The answer can be yes, no, and maybe.
Lengthening or shortening a sailboat is not recommended. There are simply too many variables: center of lateral resistance, sail center of effort, lead and other factors are altered when the length is changed. Designers go to considerable effort to get the relationship of these various factors correct. If they are changed, the results can be questionable.
Most human or motor powered boats can be lengthened or shortened as much as 10%. However, there are exceptions that will be discussed later. Why 10%, can't I go 18%? Possibly, the lines can be lengthened or shortened BUT, we know from experience that up to the 10% factor, the integrity of the design remains basically unchanged. All length factors are altered 10%. This means the location of a centrally located motor, CG (center of gravity, and location of major weights are also shifted by the 10% factor. Beyond the 10% factor the characteristics can be altered; put in another way we get into a gray area. It may be OK but it might not. Then too, the construction may not be adequate when a craft is excessively lengthened. Why take a chance?
Altering length when done properly works well and is simple to accomplish; do it incorrectly and one big mess will probably result. You can't simply add a frame at midpoint or at the stern. A boat has curving lines and each section is (usually) different. Lengthening by this method will cause unfair lines that will be almost impossible to correct and may well alter the hull characteristics.

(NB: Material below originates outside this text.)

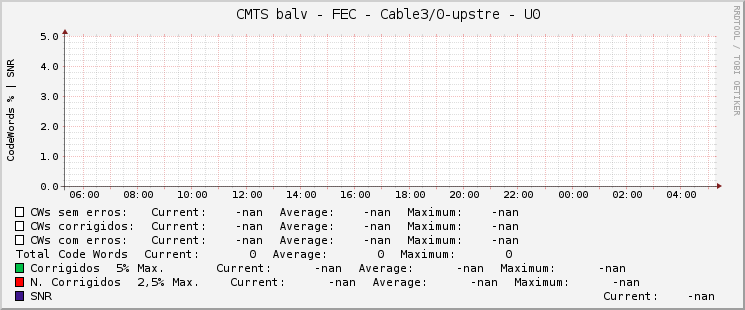     CMTS balv - FEC - Cable3/0-upstre - U0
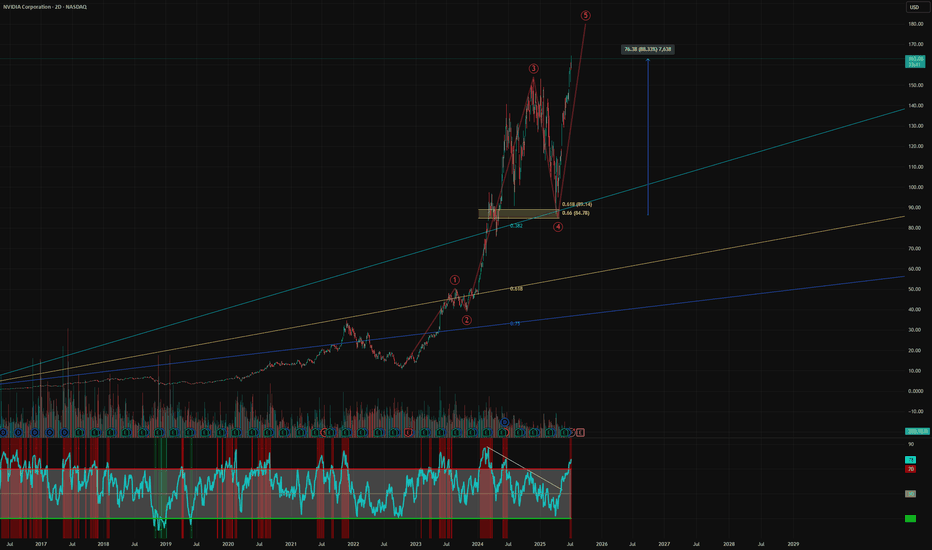 NVDAX،Teknik،NoFOMO_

The correct way is to re-space each of the stations or frames from the aft end of the stem to the transom a proportionate amount up to 10%. If frame spacing is equal or varies, multiply by the percentage factor being used. As an example if frames are uniformly spaced 18" apart and the 10% factor is used, each spacing will be increased 1.8" (.10 x 18") or rounded off 1 3/4" (1.75").
Some designs are impractical to lengthen. Stitch and glue boats with full size patterns are a prime example. Simply extending the side and bottom templates for the most part simply won't work and the results can be questionable. Check the web site, many that have tried it had real problems.
Boats that have a sawn harpin are another type that doesn't lend itself to easily lengthening. A harpin is a portion of the boat sheer line as seen in plan view that is sawn to shape rather than bent. If the boat is lengthened in the harpin area the contour of that member changes; the harpin pattern given won't fit properly into the frames. Yes, the harpin shape could be re-drawn, stretching (or shortening) the spacing a proportionate amount. But unless you have some lofting or drafting knowledge, re-drawing the contour may not be easy.
Can the beam be changed? Not practically, this changes all the frame patterns and the curvature (on most) of the side frames. Never attempt to alter the chine beam; this will alter the characteristics to such an extent the result will be unknown.
Can the depth be increased? Possibly a small amount by extending the side frame members equally. This will also increase the beam and could exceed the practical or legal towing width. Boats with excessive flare or tumblehome are best not changed as increasing the side frame member curvature could be a problem.
Every design is different so a universal statement as to whether a design length can be altered is impractical. If in doubt ask the designer.